While this is usually not a monumental task, this specific migration posed significant challenges. First, since the site was crashing, we had to make the migration on short notice. This means that we didn't have the time to do our usual preparations and planning. Furthermore, we didn't have time to do a test upgrade to look for errors. We were forced to do all of this on the fly, and like anytime you operate in this manner you'll have problems. Some of these problems, are still being actively addressed by me and my developers.
One of the oversights was the beta side of the site. When we switched the www side of the site over to the new database, we didn't realize that the database server's IP was specified in a different manner on the beta side of the site. This means that, for a period, the beta side of the site was using the old database. When this was corrected, all of the content that was added to the site through the beta interface was lost. I apologize for this. Furthermore, this afternoon we realized that the beta version of the forum was still using the old database. Again, when we corrected this, we lost all content that had been added through the beta side of the forum.
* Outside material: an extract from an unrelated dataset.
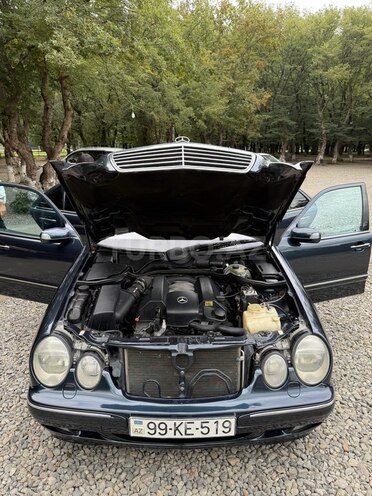Mercedes E 240 2000, 294,514 km - 2.4 л - Masallı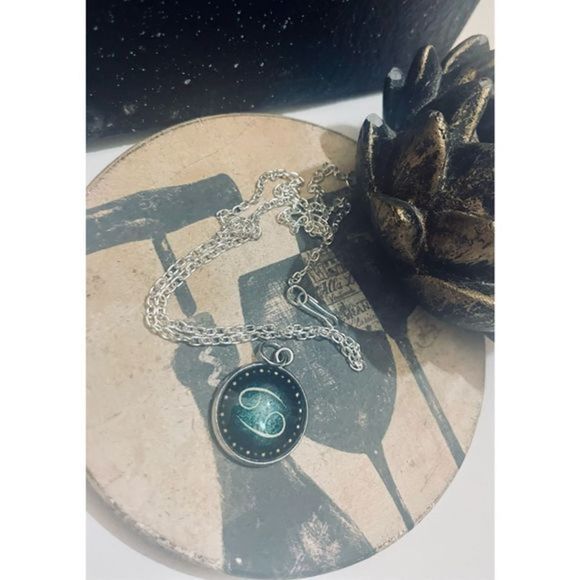 CANCER GREEN GLOW IN THE DARK ZODIAC STAR SIGN HOROSCOPE NECKLACE - Picture 4 of 15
It is because of this added complexity that we never intended on maintaining the beta version of the site. Still, it was absolutely not our intention for these events to happen. We did not purposefully neglect the beta side of the site. We were simply reacting the best we could to a bad situation.
The good news is that with the exception of a few lingering issues, we are now using a more modern version of the database software. This has not only allowed us to fix the problematic query, it has allowed us to fix other problematic queries and perform some much needed optimizations. From the database side of things, we're in a much more stable condition.
From the web server side of things, we're still in a less than optimal situation. We don't have the ability with the current configuration to scale horizontally, which is what we need to do. The recent problems have demonstrated that we need to increase the prioritization of this, and this time we will have the time to properly plan this out.
Over the next week, we will be making a number of changes to the application servers to the site. We will be adding more power and redundancy to the system. During this period, we might have some outages. I intend to give fair warning here on the forums when we expect these outages, and we will do our best to minimize them. We understand that it's been a rough ride lately, and we don't want to make it any worse. We are working to make things better.
I would like to apologize for the inconveniences that the recent tech issues have caused, and we appreciate your patience while we continue to work through them.
Project Manager -- Internet Brands